On the other hand, some “libraries” really are more like “embeddable services,” with their own internal state. Large frameworks like Hystrix fall into this category, as do a few sophisticated “client” libraries. These libraries might be expected to manage their own resources and state “under the hood.” That’s a reasonable design choice, but at least be clear about which goal you’re pursuing and what trade-offs you’re making. In most language runtimes, the behavior and dependencies of these libraries cannot be fully isolated from the rest of the code. As an application developer, I might be willing to invest time and effort arranging my code to accommodate one or two embedded services that offer significant power in exchange for the added complexity. For everything else, when I need a library, just give me some ordinary functions.

Command-Line Intransigence

In the early days of Clojure, I was skeptical of Clojure-specific build tools like Lancet, Leiningen, and Cake. Why would Clojure, a part of the Java ecosystem, need its own build tool when there were already so many Java-based tools?

At the time, I thought Maven was the last word in build tooling. Early Leiningen felt like a thin wrapper around Maven for people with an inconsolable allergy to XML. Maven was the serious build tool, with a rich declarative model for describing dependency relationships among software artifacts. That model was imperfect, but it worked well enough to power one of the largest repositories of open-source software on the planet.

But things change.
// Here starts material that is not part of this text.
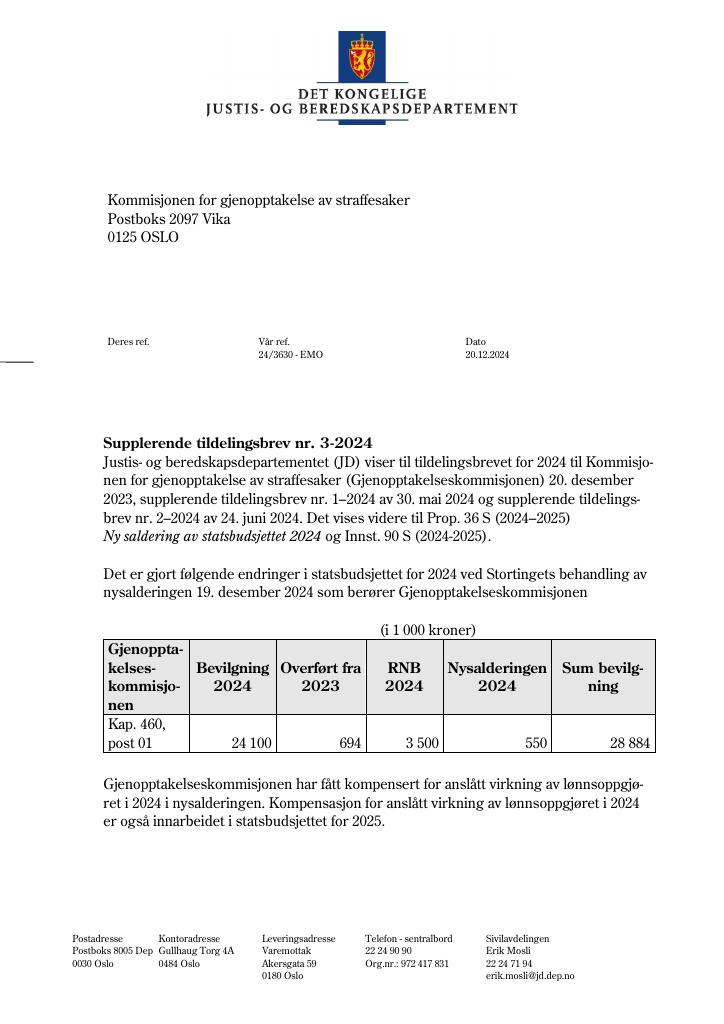 Forsiden av dokumentet Tildelingsbrev Kommisjonen for gjenopptakelse av straffesaker 2024 - tillegg nr. 3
Leiningen has evolved rapidly. Maven has also evolved, but more slowly, and the promised non-XML POM syntax (“polyglot Maven”) has not materialized.

Meanwhile, I learned why everyone eventually hates Maven, through the experience of crafting custom Maven builds for two large-ish projects: the Clojure language and its contributed libraries. It was a challenge to satisfy the (often conflicting) requirements of developers, continuous integration, source repositories, and the public Maven repository network. Even with the help of Maven books from Sonatype, it took months of trial and error and nearly all my “open-source” time to get everything working.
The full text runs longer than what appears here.